# DATA FOR REVIEW
- - -
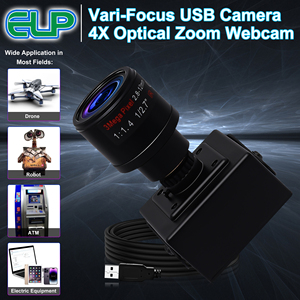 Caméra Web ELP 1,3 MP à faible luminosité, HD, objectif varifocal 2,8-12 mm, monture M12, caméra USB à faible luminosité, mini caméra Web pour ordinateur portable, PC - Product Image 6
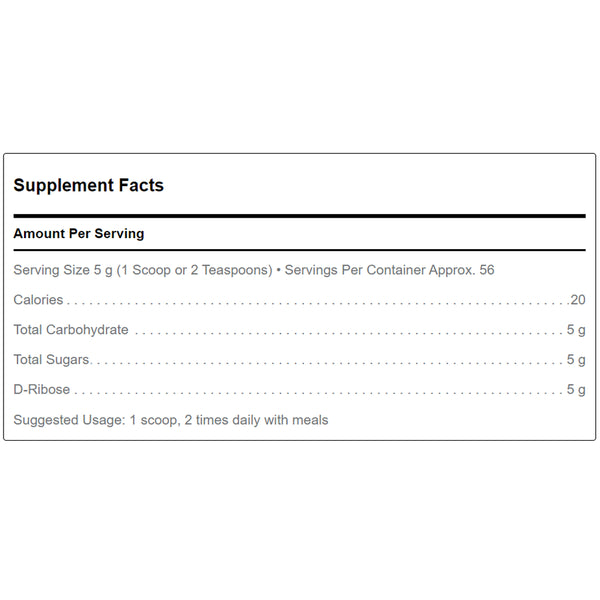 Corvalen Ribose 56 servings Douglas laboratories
- - -
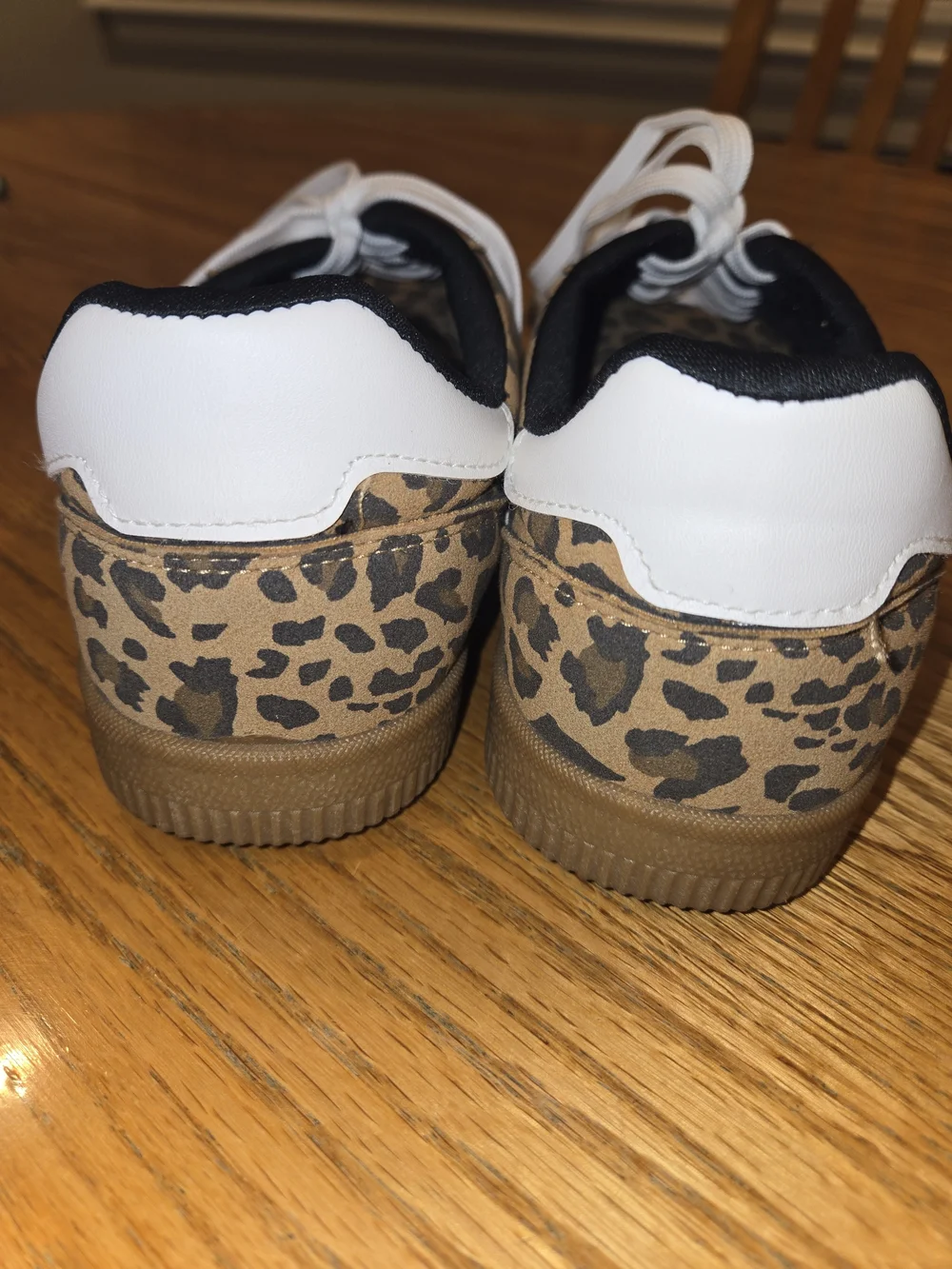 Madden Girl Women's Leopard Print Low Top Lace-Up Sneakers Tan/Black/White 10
- - -
# WORK REQUEST
The copy should hold only the lines from the one with "Caméra Web ELP" through the one with "Corvalen Ribose 56", exactly as they stand above. Leave out the pictures.

# COMPLETED EXERCISE
 Caméra Web ELP 1,3 MP à faible luminosité, HD, objectif varifocal 2,8-12 mm, monture M12, caméra USB à faible luminosité, mini caméra Web pour ordinateur portable, PC - Product Image 6
 Corvalen Ribose 56 servings Douglas laboratories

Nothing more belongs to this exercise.